Airports make me so sad. They're like non-places. I never remember what they looked like afterward, and everyone is so busy going somewhere else that they don't even care where they are or that the walls are gray and the food is sort of bad and very overpriced and everything smells like luggage. The light makes us all look tired and shabby, and it makes us look as though we might fade away entirely like ghosts if we're on the tired and shabby side to begin with. And I can't shake the feeling that the whole world is like that when you peel off the paint, that everyone is tired and shabby and on their way to somewhere else and that my flight will never come or that my flight will come but that when it lands I'll find that the new place is just the same as the old place in every way that matters, and they both smell like luggage. Luggage and disinfectant and hamburgers. Sometimes, if I have a long layover at an airport, I end up riding the moving sidewalk back and forth over and over just to appreciate something. Moving sidewalks are neat.
Sometimes I eavesdrop and people-watch, which is funny and sad at the same time. I end up hearing the same bad jokes and the same talk about boyfriends and girlfriends and husbands and wives until I think that maybe all the rest of humanity is living on the same mental plane and only I'm out of sync and I'm never going to get properly aligned with the dominant frequency. Everyone is reading the same books, these books about brilliant computer hackers and dashing detectives and beautiful spies, the kind of book where the ink rubs off the pages and stains your fingers as you read. Except that some people are reading e-books, now, which I find mildly disconcerting. I don't know why. Maybe it's only that I, personally, would never want to read a novel that way.

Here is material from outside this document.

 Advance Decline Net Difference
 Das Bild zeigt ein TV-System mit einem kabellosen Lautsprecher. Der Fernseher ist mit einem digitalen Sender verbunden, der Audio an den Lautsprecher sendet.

In the Asheville airport, I sat in front of these girls from my college, and one (probably neurotypical) seemed obnoxious because she kept trash-talking her exes for really stupid things and going on about how she used to date girls but "went back to" dating boys because girls are all such duplicitous bitches and saying that she hated all her classes and was failing everything more or less on purpose. And she kept ignoring-- in a really obvious, I-am-snubbing-you-so-bug-off manner-- the (probably not neurotypical) girl sitting next to her, who admittedly came across as equally obnoxious because she kept trash-talking her parents for really stupid things and cussing gratuitously and bragging about how she used to hit boys in high school if she thought they were looking at her in a particular way. She had a really loud, unmodulated, nasally, monotone voice, which I don't think she could help, but which was intensely grating to have to listen to. And she kept saying the same things over and over and invading the personal space of the first obnoxious girl.
Anyway, I'm back in Pennsylvania now and I think I did reasonably well on my midterms. It's good to be in my bedroom at my parents' house; it feels much more like a space that's mine than I think any dorm room ever will or could, and I appreciate how much it is mine a lot more after being away for a few months. It's full of the detritus of more-or-less an entire childhood and adolescence spent here. Layers of sediment, of years, of coming and going obsessions and interests and aesthetic preferences on the walls and on the bookcase, in drawers and laid out under the bed. You just can't achieve that sort of effect with half of a room that you live in for less than nine months. Also, dorm floors at my college are usually made of linoleum tile, which means I can never quite shake the feeling that I'm sleeping in a school cafeteria or a public bathroom. My parents and I are being really, genuinely nice and friendly and talkative with one another because we haven't seen each other in a while, which is great.
...Oh man, I don't know if anyone other than me actually likes or listens to these, but I don't care. Recording the music I listened to and liked during this period of my life seems somehow important. I...guess it just strikes me as something a thirty-year-old me might want to remember? Something like that.
1.
Violet, Hole
2.
Back When I Was 4, Jeffery Lewis
3.
The Latest Toughs, Okkervil River
4.
The Calendar Hung Itself, Bright Eyes
5.
Silent All These Years, Tori Amos
6.
The Kick Inside, Kate Bush
7.
Casper the Friendly Ghost, Daniel Johnston
By the way, never ever ever ever look at usernames or read comments on youtube videos. Just ignore those parts, okay?